Curved cabinets in owder rooms offer opportunities to take chances with unusual or luxurious elements.
Eclectic is sometimes eccentric but interesting, which is how I view these two very different powder rooms. Each has a prominent curved feature, which is rarely seen. Anyone who has discussed a radius-curve cabinet with an architect or wood worker quickly learns that they are an expensive feature which requires considerable expertise to build.

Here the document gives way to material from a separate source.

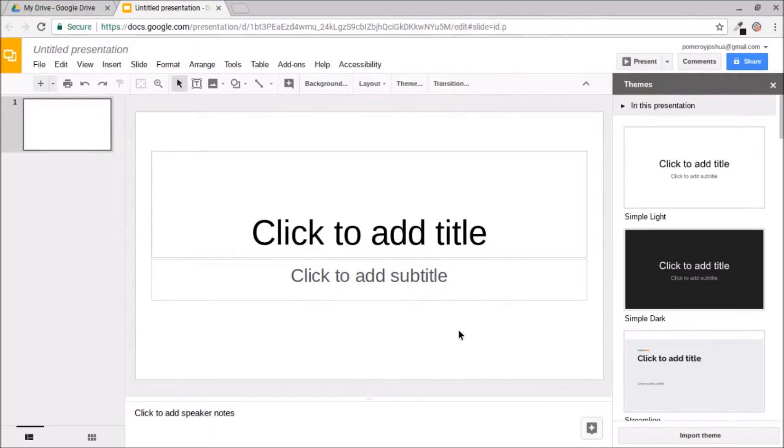Hi everybody. In this video, I'm going to show you how to create a professional-looking business card using Google Slides.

So it’s no surprise that the venerable French decorator Henri Garelli would move in that direction for a house in Provence. Marble and neo-classic motifs such as the elegantly fluted sink pedestal, were combined with the typical ochre lime-washed walls. There’s a touch of Rome here, too in the dark marble slab used behind the rustic wall-mounted faucet. Echoing the curves of the oval sink is the semi-circular wooden coat closet which resembles a confessional. That must be the designer’s sly joke for a large house owned by a couple and used for family holidays. More intriguing is why there is no mirror in the vicinity of the sink, which we find refreshing in contrast to the 1,2,3 approach we outlined in Powder Room Think last fall. Evidently the master has his own ideas on the matter.
A curved sink, bumped out in a narrow vanity niche, lends the air of a 1930s luxury liner to a Deco-style powder room designed by Atlanta designer Barbara Westbrook, who’s show house playroom we featured on Tuesday. Sconces echo the shape of the sink and the dark walls make it elegant, dramatic and individual.